Re: Program notes: I don't care, just do.
Is pathetic supposed to be endearing or clever?
Again, I understand it's supposed to be about "X" but what is the stance, opinion, thesis about X? Otherwise it seems just like practising cursive writing. R, R, R, R....all across a page of an hour.
Where is the art? Is no art the point? Then why should I care? Nothing is posited.
There is no performance. No performance can be a kind of performance, but this feels just empty. I might as well not be here.
Our brains are more sophisticated than this work seems to imply. We can absorb concept X with more complex material. We are not zombies. If we were we would already have stormed the stage in search of brains-for-dinner.
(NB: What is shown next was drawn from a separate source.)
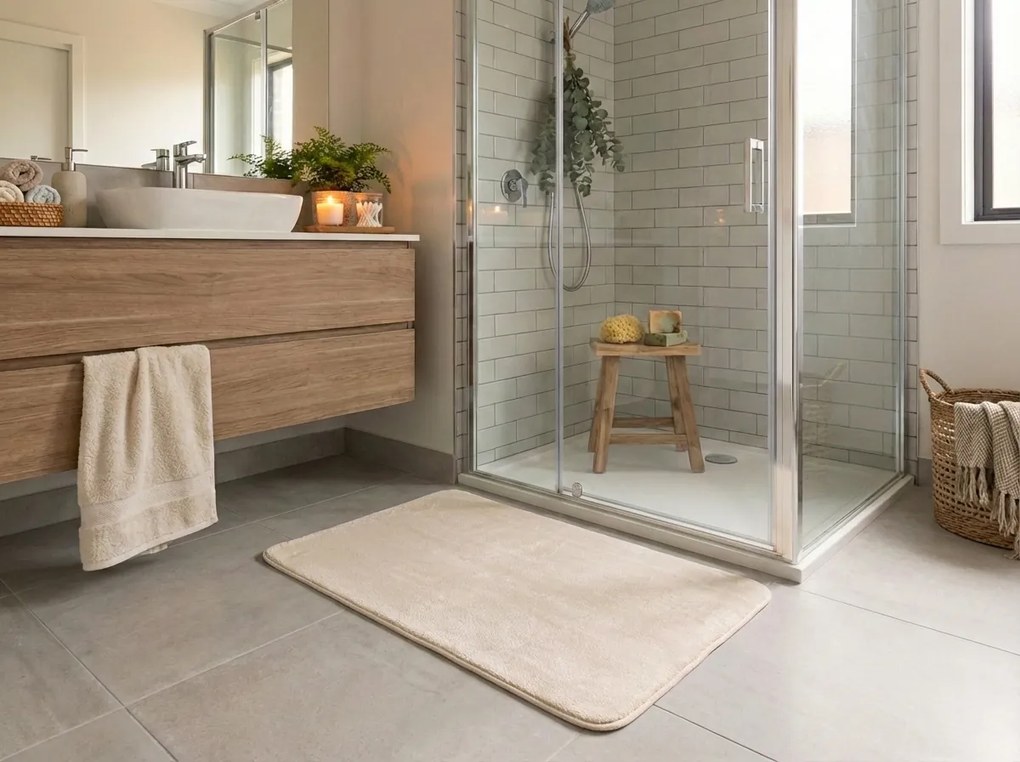 Kúpeľňová predložka TRIVORA 60x100 cm krémová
Now this show feels like an insider joke that none of us get to be in on. Like we're not cool enough to even guess how sophisticated the joke is. But I don't think it's particularly sophisticated, even though the performance is quite impressive. I'm starting to resent the "cool" factor that gets applied to the marketing of different shows, I am assuming not necessarily generated by the creators or performers. The cool factor is often empty, inauthentic. True coolness is inspired not cultivated.
One of the best moments of this show is when a raccoon walked by the open window near my seat.
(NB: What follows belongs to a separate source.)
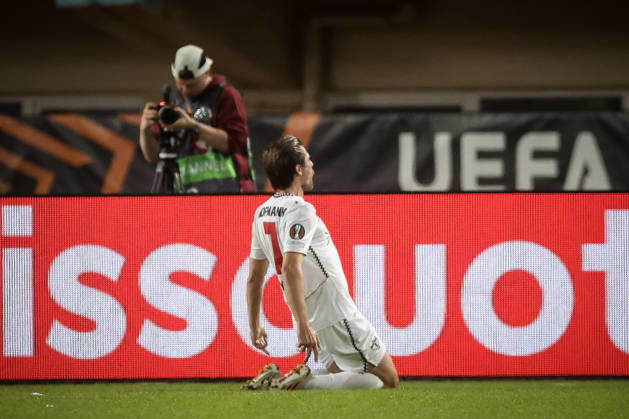 UEFA Europa League - OFI Crete vs Leverkusen - Jonas Hofmann of Leverkusen celebrate after scoring during the UEFA Europa League phase Matchday 3 soccer match between OFI Crete vs Leverkusen in Pankritio, Heraklion, Greece, on 22 October 2026. IMAGO ONE INCH PRODUCTIONS Heraklion Greece Copyright: xONExINCHxPRODUCTIONSx 7133170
I like how this is defying extremity of line but refreshes the classical form at the same time. However the dancers don't seem to grasp this and are not sending it far enough out to us. Lacking a fluid connection that the choreography seems to inherently possess. Juxtapositions of neo and pure classicism is satisfying.

Under-rehearsed, but they seem to love moving this way.
After watching this, I can't wait to go into the studio tomorrow.

Very slammy and rhythmically the same all the way through. No emotional level can come through, though the dancers and choreographer/choreography seem to want it.

This is the show that other other show wanted to be but couldn't find it's way too.
The creative process revealed without insulting its audience. Pedestrian movement is always stylized, made more than mundane. The impact of simple movement smartly put together.

Baby is not so much into the music of this work.

I smell feet that have been in sneakers too long, corn chips and lemon pledge. Weird.
One dancer's body is too soft for the choreography. It lacks impetus.
What is the root of the sensuality?
Somehow the upper arms of the dancers are inarticulate. Just the upper arms.
Unexpected how the ideas of the choreographer turned into choreography, which is so pleasurable.
The performances are pretty sincere if a little shallow. They are genuine in what they are. You can't get mad at a piece for being what it is.

A bit ridiculous. Sloppy. No relationship to music, so why is the music there? Why not silence?Spacing bad. Costuming lazy. Lacks substance behind gestures. The edge and approach towards it is faked. Movements are heavy and though fast, lethargic, somehow. Good ideas but choreography is not very useful in articulating those ideas. Why break the fourth wall just once and have nothing change in the arc of the work after broken?
The man next to me looks at his watch. No context. No set-up. Why the reactions between dancers? They don't seem connected enough to elicit responses from each other.
Voyeurism is so 1990s.

Why do the legs go up? Do we ever know? What is the relationship between dancer and audience? Nothing ingratiating about it, I am somehow not on her side. Is the substance merely strength? That might be enough.

This one makes me think how clever a designer has to be to light a black costume in a black box theatre so well.

Hallucinations. Ghosts occupy other places on stage, where dancers are not. My eyes do strange things in response. The movement is so classically modern but then planed, cut off, compelling. If you're gonna run, run like that. Leaves you wanting more but still unsure of what you've just seen.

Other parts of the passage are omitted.